Mentre andiamo a visitare le vigne attorno alla proprietà, passiamo accanto ad una bellissima torre fortificata. Non faccio in tempo a girarmi per chiedere lumi che Leon, con un sorriso, mi dice che:"....qua il connubio tra arte e vino è sempre stato di casa. Nel XII secolo la struttura era nota come 'Nectar dei' e, pensa, nel XVI secolo divenne di proprietà di Michelangelo che nel 1559, mentre realizzava la Cappella Sistina, scrisse al nipote Lionardo di preferire due botti di vino piuttosto che 8 camice. Per l'occasione si fece inviare il vino di Nittardi per fare un dono genuino a Papa Giulio II".

Una breve passeggiata in mezzo al bosco ci conduce verso i vigneti, tutti di proprietà, che si estendono per circa 12 ha tra Nittardi e Castellina in Chianti ad altezze di circa 450 metri s.l.m. La maggior parte sono a sangiovese, con piante sia giovani che vecchie, mentre una zona residuale è dedicata al canaiolo e al merlot.

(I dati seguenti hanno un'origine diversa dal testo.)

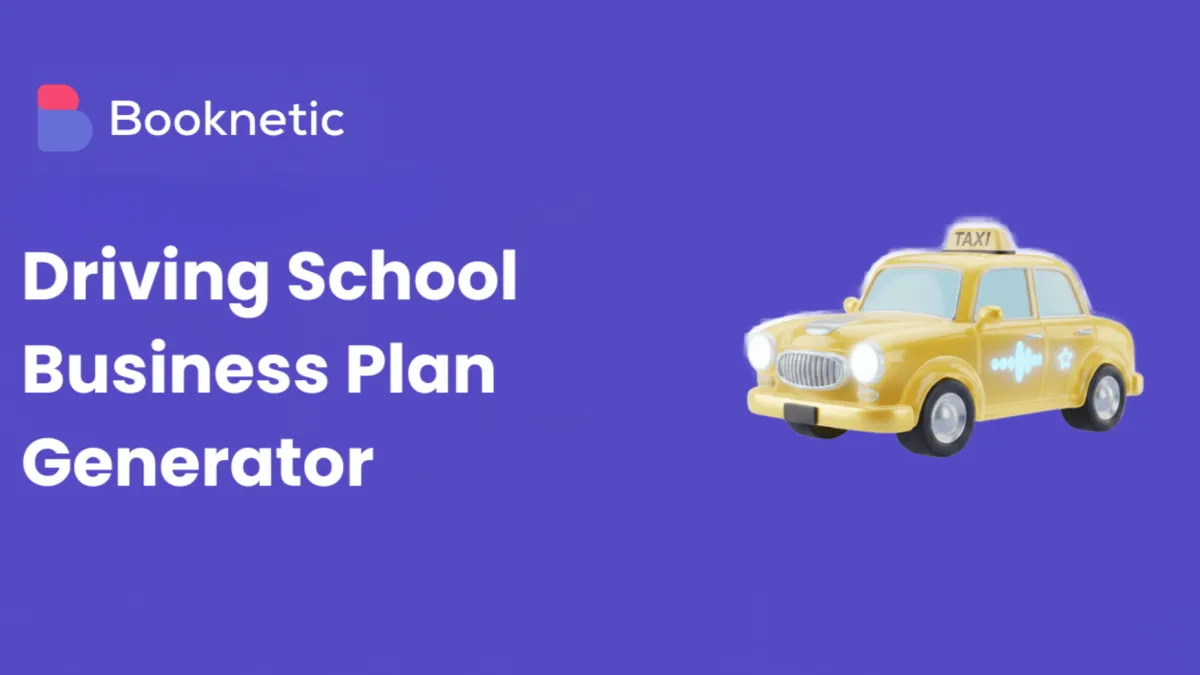 Driving School Business Plan Generator and Customization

Passando tra i filari si nota come le vigne poggiano sul "classico" terreno ricco di alberese anche se, a distanza di pochi metri, non mancano zone maggiormente ricche di argilla e ferro.

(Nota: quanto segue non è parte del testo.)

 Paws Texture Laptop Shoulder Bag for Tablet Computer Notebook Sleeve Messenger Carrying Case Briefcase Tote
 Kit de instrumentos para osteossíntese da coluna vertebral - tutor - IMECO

La cantina, costruita nel 1995, dista solo un centinaio di metri dai vigneti e dalla casa padronale. Questo è il regno di Carlo Ferrini, che segue l'azienda fin dall'inizio, anche se ad attenderci c'è Roberto Geloni, il fido cantiniere. 
Prima di entrare nella sala di fermentazione, composta esclusivamente da vasche d'acciaio a temperatura controllata, superiamo un piccolo cortile con all'interno tre sculture di ceramica firmate Friedensreich Hundertwasser. Arte e vino, il legame continua.


Foto: Hermann Hops

Da notare che in questa cantina vengono vinificate anche le uve della tenuta maremmana di Nittardi che dal 1996, tra Magliano e Scansano, ha messo a dimora circa 17 ha di vigneto diviso tra uve "autoctone" (sangiovese ed alicante) e internazionali (merlot, cabernet sauvignon, syrah, petit verdot, cabernet franc).

La sala affinamento, ça va sans dire, rispecchia molto la filosofia enologica di Ferrini per cui spazio all'uso di barrique e tonneaux di vari legni e diverse tostature.




Decidiamo che è giunta l'ora di andare di bere. Un'altra breve passeggiata ci riporta verso la casa padronale, adibita anche ad agriturismo di charme, dove ci accoglie una bellissima sala degustazione con all'interno una miriade di quadri colorati inerenti al vino. Leon mi spiega che la sua famiglia, fin dal 1981, chiede annualmente ad un artista di fama internazionale di realizzare per il Chianti Classico "Casanuova di Nittardi" l'etichetta e la velina che avvolge le bottiglie. In questi anni hanno collaborato con l'azienda artisti come Yoko Ono,  Günter Grass (Premio Nobel per la Letteratura) e il nostro Dario Fo.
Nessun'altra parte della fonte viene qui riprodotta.